The CFO of Goldman Sachs keeps talking about becoming the Google of Wall Street
- Goldman Sachs is on a mission to become the Google of Wall Street.
- A case study on Goldman Sachs' digital strategy was presented as part of an executive MBA class at Harvard Business School last week.
- The study details the tension that this strategy has caused, and the payoffs.
Goldman Sachs' effort to become the Google of Wall Street is now being taught in MBA classrooms.
A Harvard Business School case study on the bank's digital strategy was presented as part of the executive MBA program last week. (It's worth noting here that Marty Chavez, Goldman Sachs' CFO, is a Harvard alumnus, and spoke to Harvard Institute for Applied Computational Science earlier in the year.)

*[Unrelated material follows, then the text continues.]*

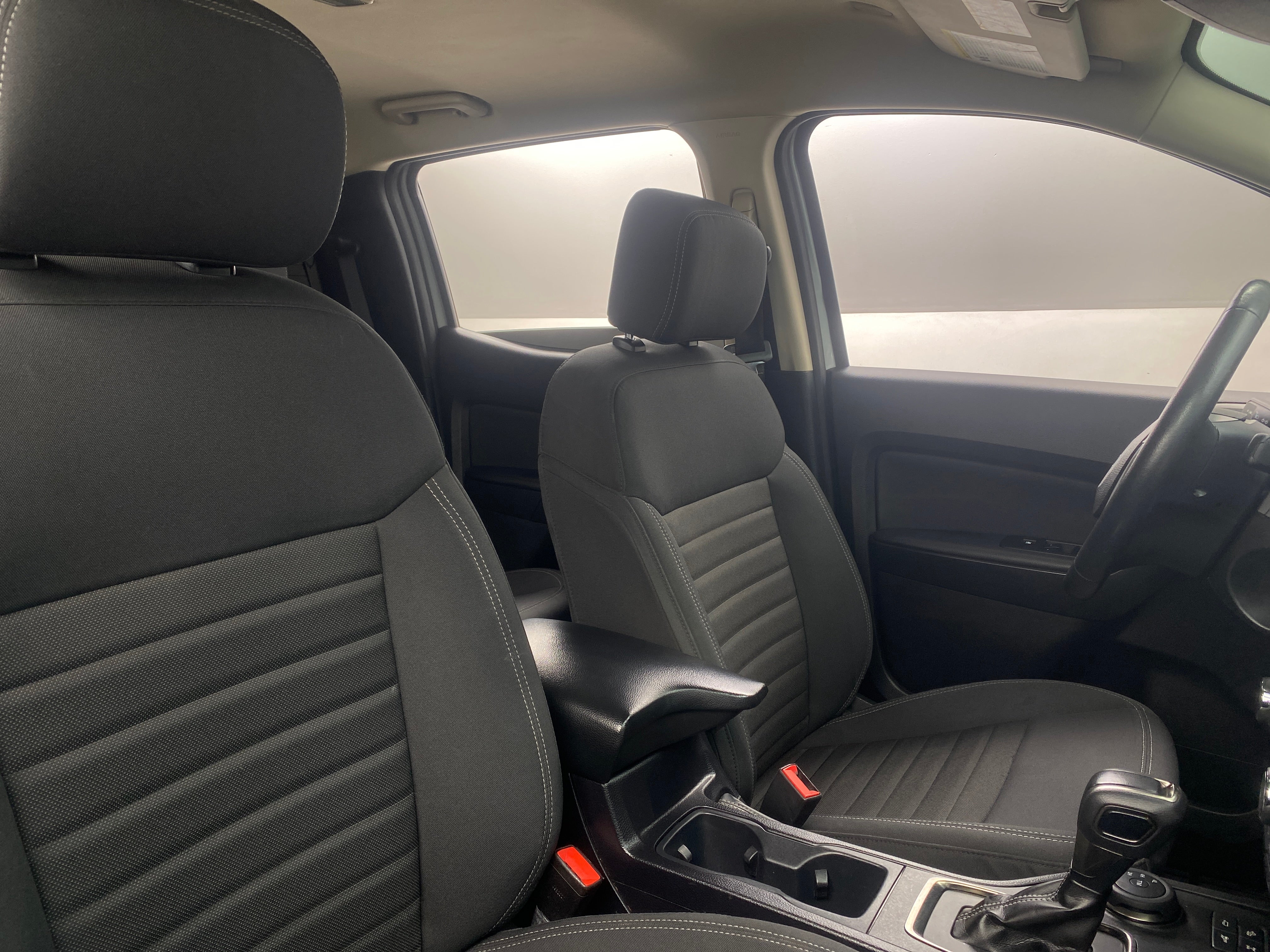 2023 Ford Ranger XLT 2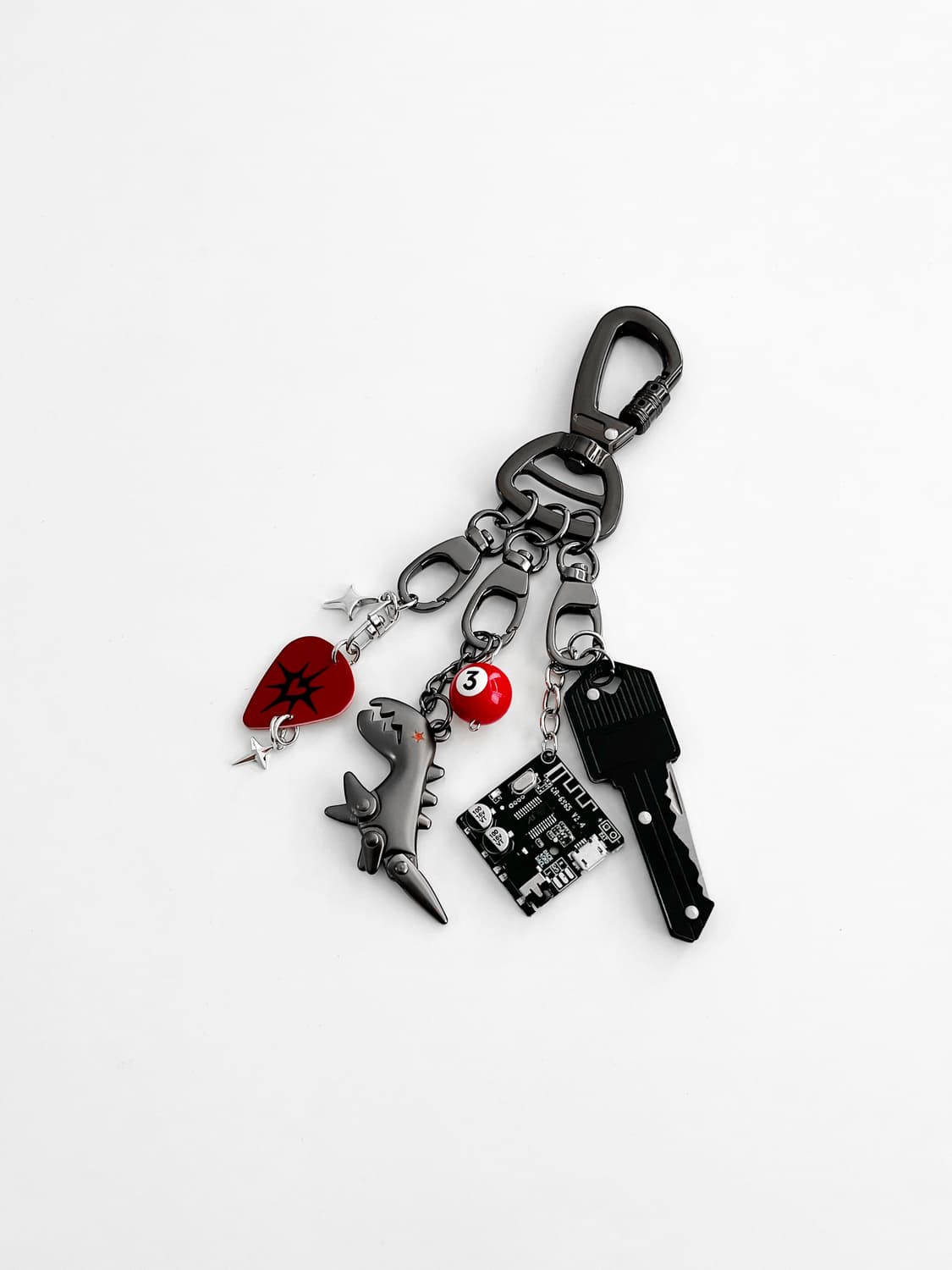 𝐓𝐑𝐈𝐍𝐈𝐓𝐘 𝐂𝐀𝐑𝐀𝐁𝐈𝐍𝐄𝐑🔗 키링 상품이미지5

The case study runs through some of the history of Goldman Sachs' efforts to switch to thinking like a tech company, some of the tension it has caused, and the payoffs.
The goal
In a talk at the Harvard Institute for Applied Computational Science earlier in the year, Chavez referenced his relationship with Eric Schmidt, chairman of Google's parent company, Alphabet. In that talk, Chavez said, "Goldman is for risk what Google is for search." And the Harvard case study references similar sentiments from Chavez:
"Imagine if Google were closed and proprietary. You would call your Google sales representative to do a search, they would come back with results, and then you would call them back to refine or redo the search. This is how our business was done-we would go back and forth with our clients on the phone until they were satisfied with the product we developed for them. Why not give them direct access to our platform and our tools?"

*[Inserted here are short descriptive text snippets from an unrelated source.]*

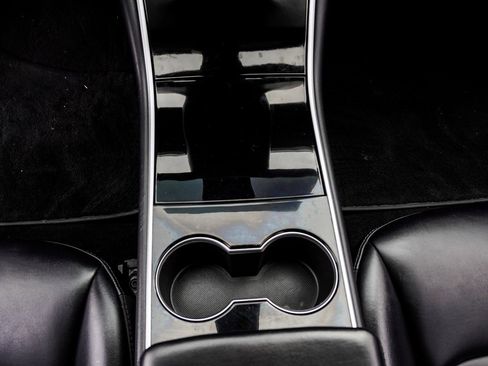 Used 2018 Tesla Model 3 Long Range image 18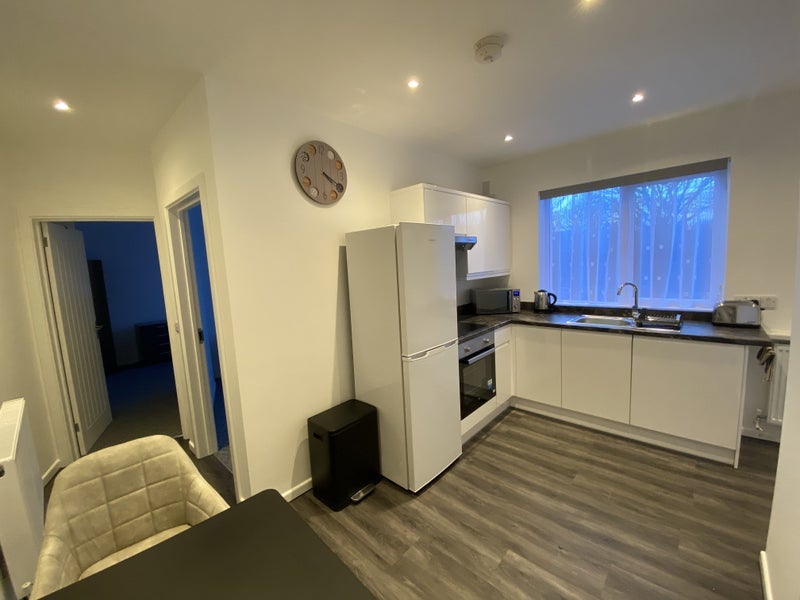 Room Gorse Hill Crescent in Poole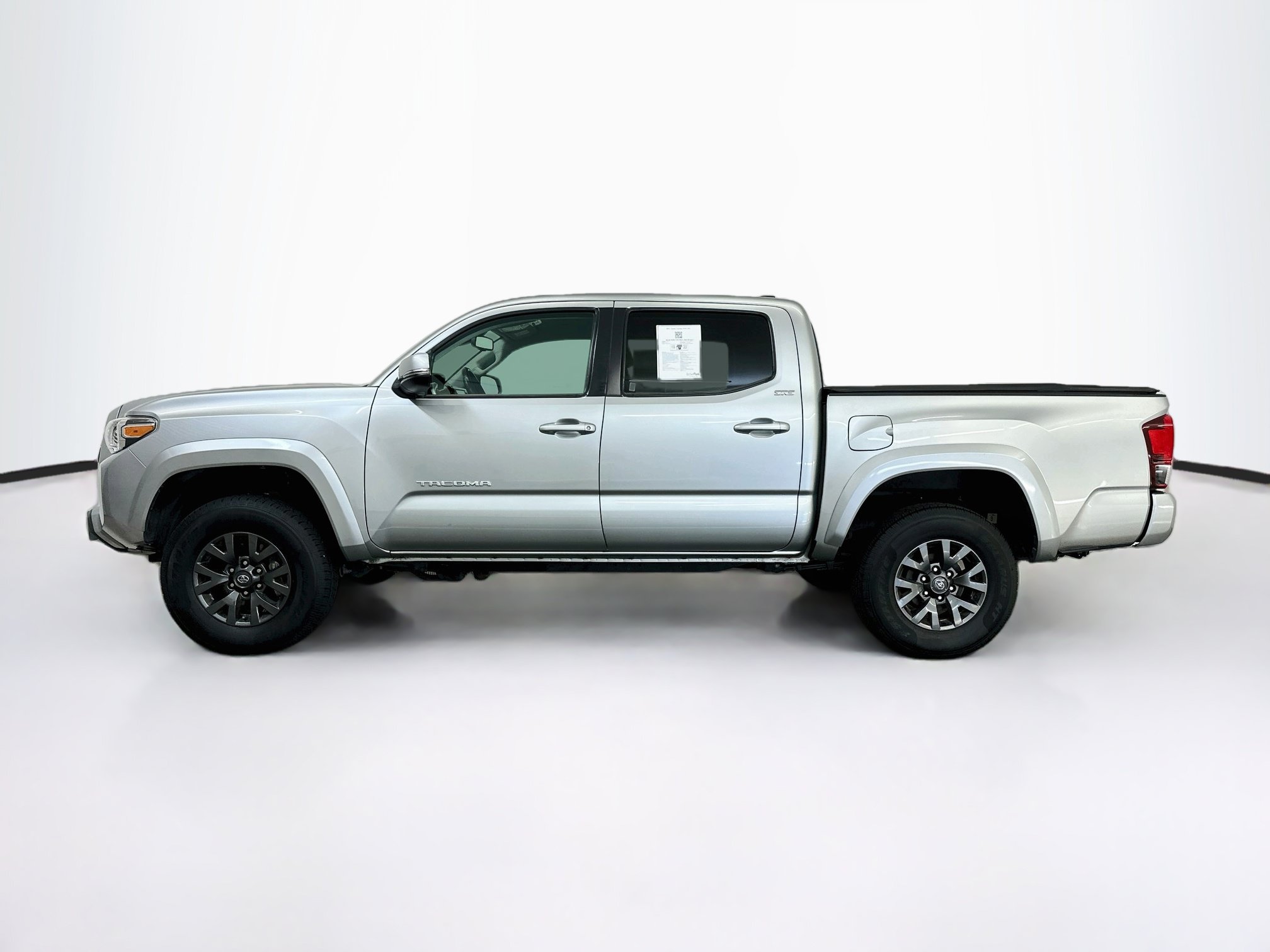 Used 2023 Toyota Tacoma SR5 AWD/4WD image 4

This model is based on taking in data, pushing it through analytics engines, then making it available to internal and external clients through Marquee, the Goldman Sachs digital platform that Chavez has championed.
The challenge
Goldman Sachs' has faced skepticism as it has opened up its data to clients. And moving to a strategy where the firm thinks in terms of applications, rather than specific financial products with individual P&Ls, has caused some tension. The HBS case study cites Adam Korn, a senior trading executive:
"Our shift from financial products to applications is organizationally complex to manage. What business are the people building these applications aligned with? It's easy for product-specific applications, but if I am building analytics for the entire firm, where do I sit in the organization? How do I get paid? How do I know what value is being generated? These are very complicated issues."
The payoff
The HBS case study cites SIMON, Goldman Sachs' structured notes platform. In 2016, the firm shifted to a multi-seller approach, opening SIMON up so users were able to buy structured notes from rival banks as well as Goldman Sachs. Paul Russo, global co-chief operating officer of the equities franchise, said:
"We realized that growth of the single dealer model had reached capacity. To continue to grow we need to add more issuers. Clients also like competition. Having multiple issuers allows clients to mix and match credit risk against payoffs effectively."
According to the case study, the number of SIMON users had jumped to 15,000 by the end of 2016, up from 2,400. Goldman Sachs' structured note sales increased 4x from 2013 to 2016, the study said.